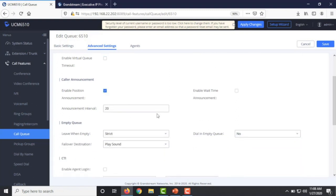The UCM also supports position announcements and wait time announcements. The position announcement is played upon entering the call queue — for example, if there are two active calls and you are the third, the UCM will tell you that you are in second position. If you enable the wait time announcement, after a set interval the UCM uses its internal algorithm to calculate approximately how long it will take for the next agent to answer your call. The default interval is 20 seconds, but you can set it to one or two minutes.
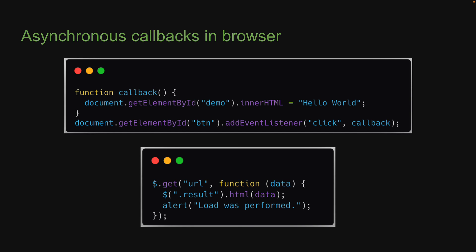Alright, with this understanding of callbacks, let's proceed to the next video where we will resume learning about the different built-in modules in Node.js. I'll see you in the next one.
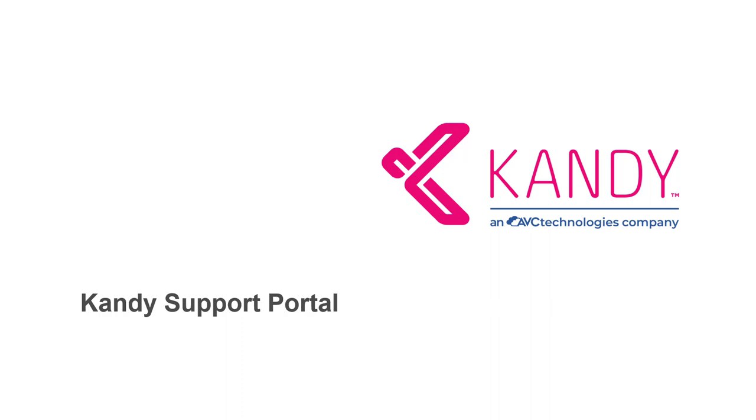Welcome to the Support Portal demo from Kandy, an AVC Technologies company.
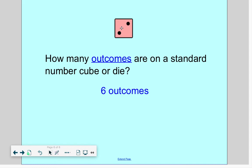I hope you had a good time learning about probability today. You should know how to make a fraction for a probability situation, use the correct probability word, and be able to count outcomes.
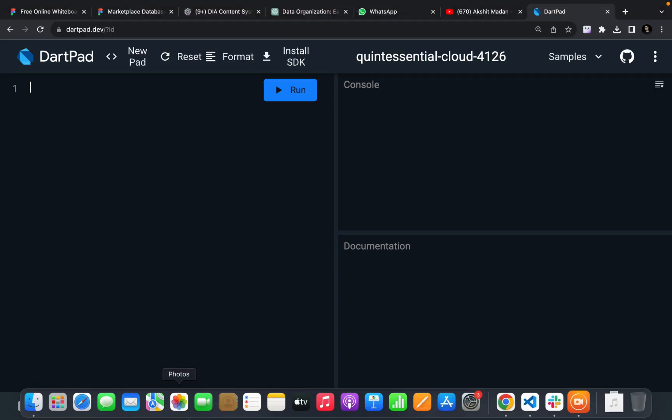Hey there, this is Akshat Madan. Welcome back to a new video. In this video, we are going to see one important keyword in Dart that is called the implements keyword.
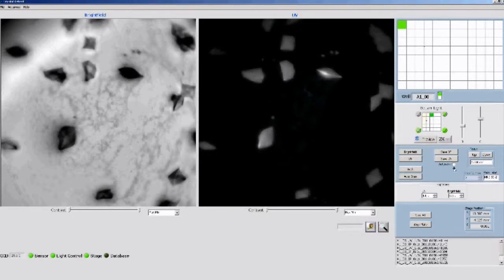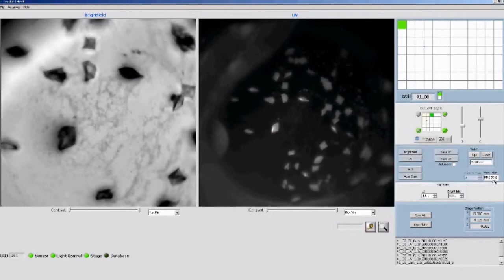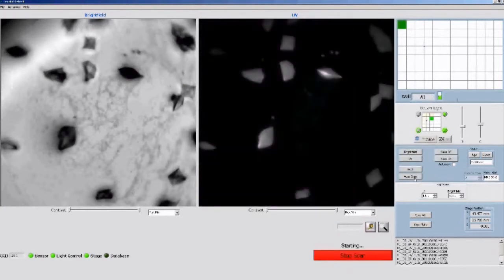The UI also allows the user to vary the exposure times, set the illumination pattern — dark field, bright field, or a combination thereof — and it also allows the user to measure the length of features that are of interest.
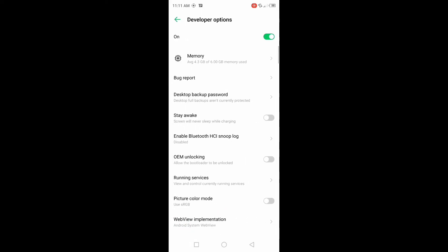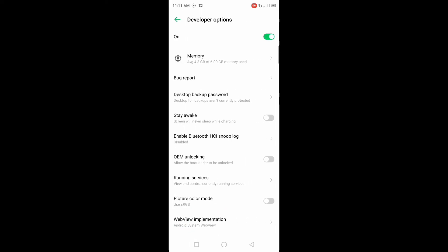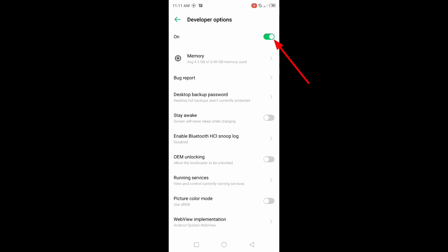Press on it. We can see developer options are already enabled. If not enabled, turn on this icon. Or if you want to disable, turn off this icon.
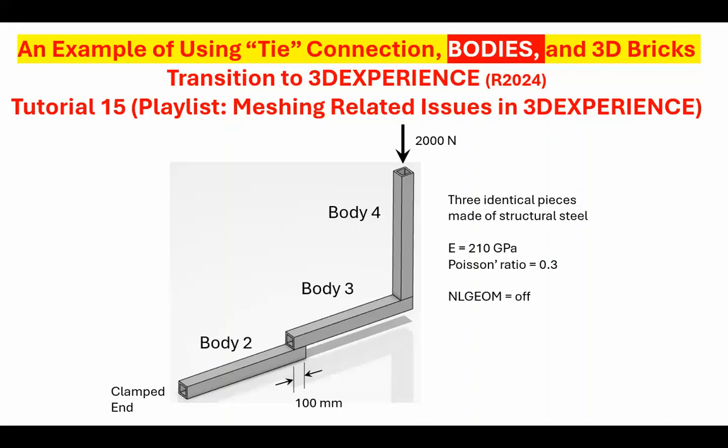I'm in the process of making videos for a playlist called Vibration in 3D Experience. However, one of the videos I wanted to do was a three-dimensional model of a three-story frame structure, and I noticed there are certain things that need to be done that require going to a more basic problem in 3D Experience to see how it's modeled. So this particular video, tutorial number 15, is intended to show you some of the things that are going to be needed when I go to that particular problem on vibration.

____________

Task prompt:
Reproduce, word for word, the lines from the one containing "Hey there, this" to the end of the material, both ends included. No picture is copied.

Answer below:
Hey there, this is Akshat Madan. Welcome back to a new video. In this video, we are going to see one important keyword in Dart that is called the implements keyword.
The UI also allows the user to vary the exposure times, set the illumination pattern — dark field, bright field, or a combination thereof — and it also allows the user to measure the length of features that are of interest.
Press on it. We can see developer options are already enabled. If not enabled, turn on this icon. Or if you want to disable, turn off this icon.
I'm in the process of making videos for a playlist called Vibration in 3D Experience. However, one of the videos I wanted to do was a three-dimensional model of a three-story frame structure, and I noticed there are certain things that need to be done that require going to a more basic problem in 3D Experience to see how it's modeled. So this particular video, tutorial number 15, is intended to show you some of the things that are going to be needed when I go to that particular problem on vibration.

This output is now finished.